Esta será uma forma de garantir a estabilidade do país, como
defende entre outros o Presidente Julio María Sanguinetti, que
fala do referendo como uma saída «original e civilizada» da
ditadura, que afastou as «imensas paixões» que poderia pôr em
perigo a democracia e a economia do país. «Pudemos dedicar-nos
a outras coisas. O balanço não pode ser mais que positivo»,
afirma Sanguinetti, citado pelo jornal espanhol El País.

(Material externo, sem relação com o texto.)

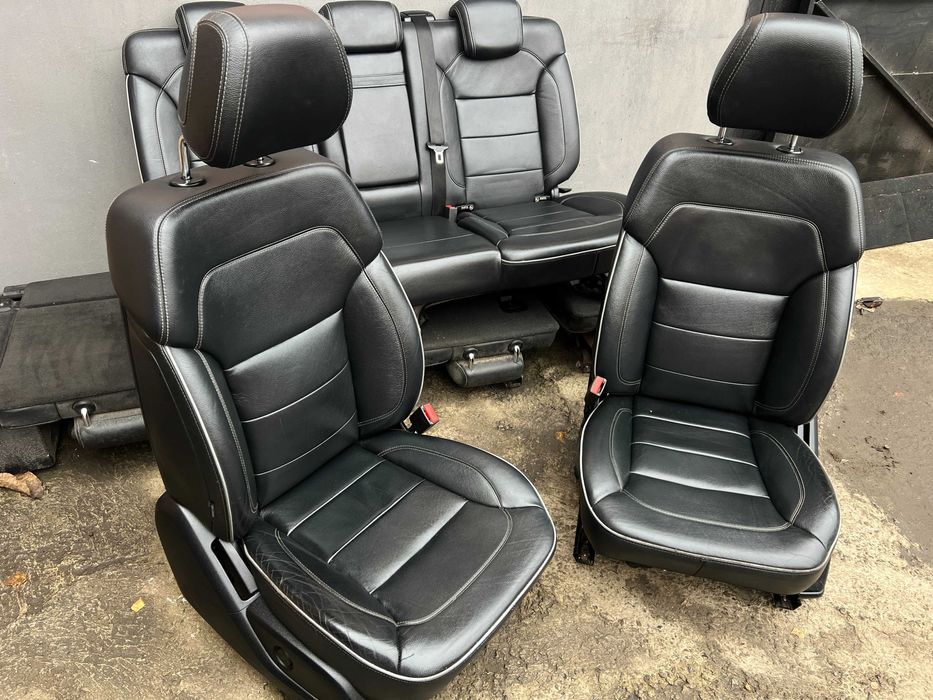 Салон Mercedes ML W166 Передние сиденья МЛ 166 передні сидіння сидушки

Mas há quem tenha uma opinião diferente e refira que, sem que
haja uma investigação sobre os crimes cometidos ou levado a
cabo qualquer processo de justiça, a reconciliação nacional
nunca será completa.
O El País cita María Condenanza presa durante cinco anos
por pertencer à organização da juventude do Partido Comunista.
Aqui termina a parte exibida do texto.